Quadro 1 – Contribuições dos serviços públicos + transferências do O.E. para a CGA entre 1993 e 2004
Apesar da CGA ter sido criada em 1929, os dados do quadro 1 referem-se apenas ao período 1993/2004. Não se realizaram os cálculos para o período 1929/2004 porque a CGA não disponibiliza os relatórios e contas para os anos anteriores a 1993. No entanto, até 2003, como revela o quadro 1 a soma das contribuições dos serviços públicos mais as transferências para a CGA foram sempre inferiores ao valor que se obtém multiplicando a “massa salarial” (coluna 1 do quadro) pela percentagem de 23,75%, que é a contribuição das entidades empregadoras para a Segurança Social (compère os valores da coluna 6 com os da 8). Portanto, até 2003 o sistema da CGA gerou um excedente elevado de que se apropriou o Estado e com ele pagou muitos milhares de milhões € de despesas.
Considerando a parcela que o Estado poupou/apropriou-se da CGA apenas no período 1993/2003, que consta da coluna 9 do quadro (a última à direita a laranja), e admitindo uma taxa de rentabilidade de 4,7%, que foi a do Fundo de Estabilização Financeira da Segurança Social, a CGA teria acumulado até 2022 cerca de 24.000 milhões €. Se os excedentes da CGA tivessem sido capitalizados desde a sua criação as transferências do Orçamento do Estado agora certamente não seriam necessárias. É uma realidade que Jorge Bravo desconhece por ignorância ou que procura ocultar por conveniência.
A SITUAÇÃO DA SEGURANÇA SOCIAL NÃO ANALISADA COM OBJETIVIDADE POR JORGE BRAVO
O quadro 2, com dados da Direção Geral do Orçamento (DGO), na ótica da Contabilidade Pública, são um indicador da situação da Segurança Social, e nomeadamente do Regime contributivo, que Jorge Bravo não estudou.

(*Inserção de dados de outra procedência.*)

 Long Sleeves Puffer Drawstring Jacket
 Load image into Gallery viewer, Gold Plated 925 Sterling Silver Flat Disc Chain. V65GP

Quadro 2 – Receitas e despesas e saldos da Segurança Social entre 2015/2022 na ótica da Contabilidade Pública
Em 8 anos (2015/2022), a Segurança Social acumulou saldos positivos no montante de 17988 milhões € na ótica da Contabilidade Pública, o que contribuiu para a redução do défice orçamental. E de acordo com os estudos de sustentabilidade que acompanhavam os Relatórios do Orçamento do Estado, entre 2015 e 2022, o Fundo de Estabilização Financeira da Segurança Social aumentou de 14.100 milhões € para 24.600 milhões € , o que corresponde a mais de um ano de despesa com pensões do sistema Previdencial, o que contradiz a afirmação de Jorge Bravo sobre o défice do Regime geral. O que se pede é honestidade intelectual quando se tratam questões tão importantes e sérias como a sustentabilidade deste regime.